Jamie enjoys living in Birmingham with his extended family and is the uncle of a young niece and nephew. Outside of the office, Jamie enjoys the outdoors in the form of backpacking, hiking, and kayaking in addition to running, cycling, sailing, and golfing. He dabbles in photography, and a few years ago, he reached the Summit of Mount Rainier in Washington State on a beautiful fall morning after an all-night climb.
Jamie attended Auburn University, graduating in 2000, and attained his J.D. at Vanderbilt University Law School in 2003.
Most recently, Jamie represented the families of two men killed in a 2015 crash near Odessa, Texas, which resulted in an $11 million settlement with the company that employed the driver involved in the crash – and was the 2nd largest settlement in Texas in 2017, according to the National Law Journal.
Though most cases are settled out of court, Jamie has been recognized twice by the National Law Journal in its prestigious “Top 100 List” for obtaining verdicts of $37.5 million in 2011, and $40 million in 2013. Both cases were widely reported as record verdicts under the dram shop laws, which hold restaurants and bars accountable when patrons who have been over-served seriously injure or kill innocent people.
In 2017, Jamie was a part of a trial team that successfully represented the nation’s corn growers in the first of eight certified state class action lawsuits against Syngenta, resulting in a verdict of nearly $218 million.
In 2014, Jamie obtained another record verdict of $4 million against an emergency room doctor who misdiagnosed a patient with a heart condition, which tragically later ended his life.
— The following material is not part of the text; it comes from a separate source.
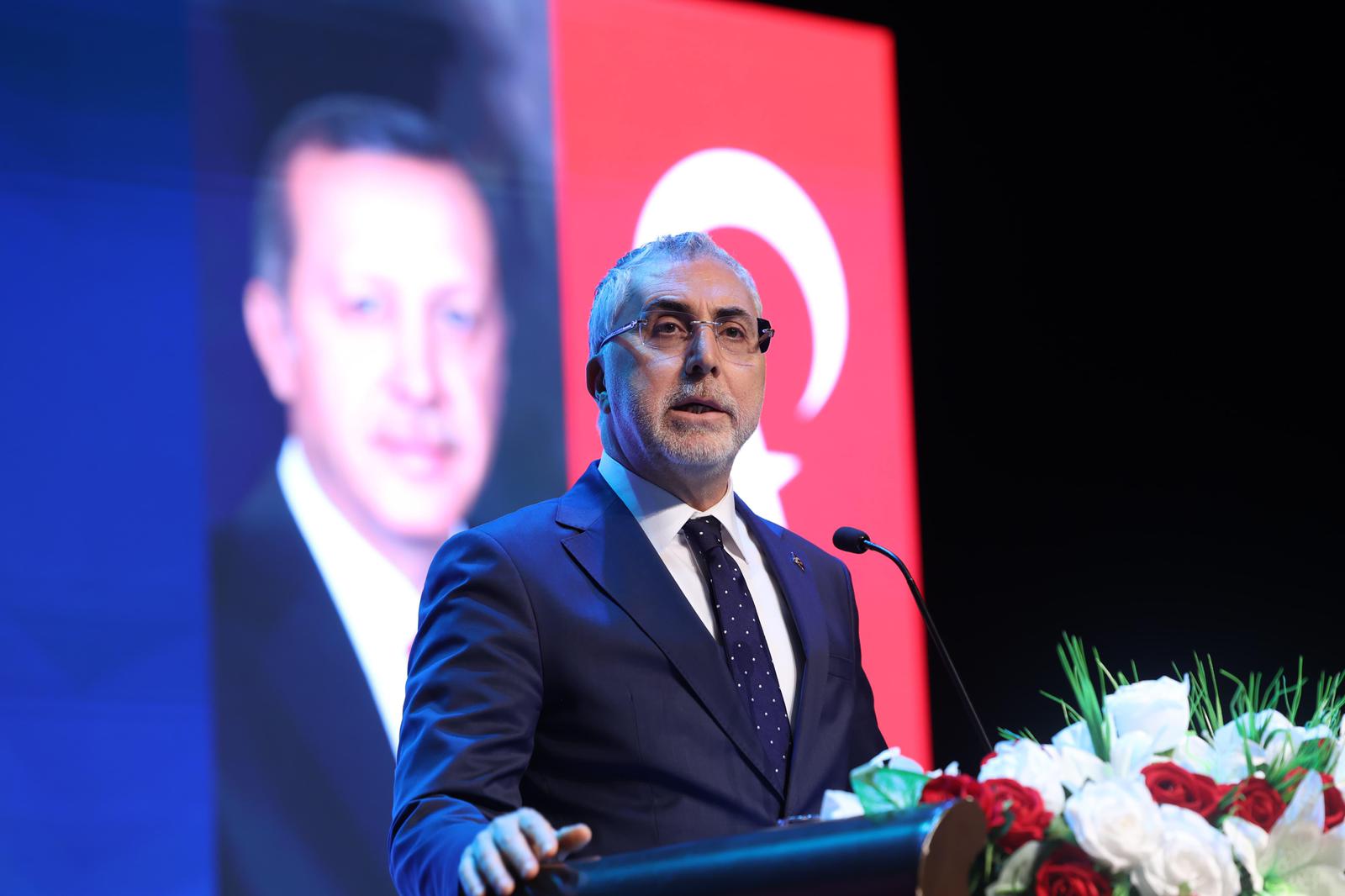 Bakan Işıkhan, Gaziantep’te İŞKUR "Gençliğin Üretim Çağı Bölgesel Kariyer Fuarı"na Katıldı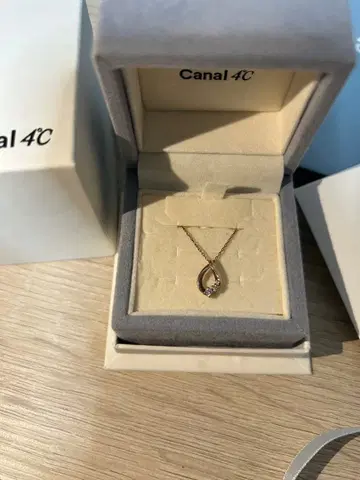 Canal 4C 핑크 골드 목걸이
Medical negligence cases have always been a major focus of Jamie’s practice, but he has always gone to great lengths to select only those truly egregious and meritorious cases to take to trial.
“Medical negligence cases can be extremely difficult for patients to win because the healthcare providers usually have unlimited access to expert witnesses who will line up to come to the aid of their fellow physicians. However, getting the truth across and obtaining a just verdict on behalf of a patient is extraordinarily satisfying—it can truly be a David versus Goliath situation,” he says. “Someone must be there to give a voice to the powerless –to the ordinary everyday person.”
Jamie has given lectures to lawyers in 47 states across the country and spends time teaching other lawyers and representing indigent clients in pro bono matters. In addition, he is a member of several professional organizations whose mission it is to preserve the right to trial by jury and to enrich the lives of the public through the stewardship of our civil justice system.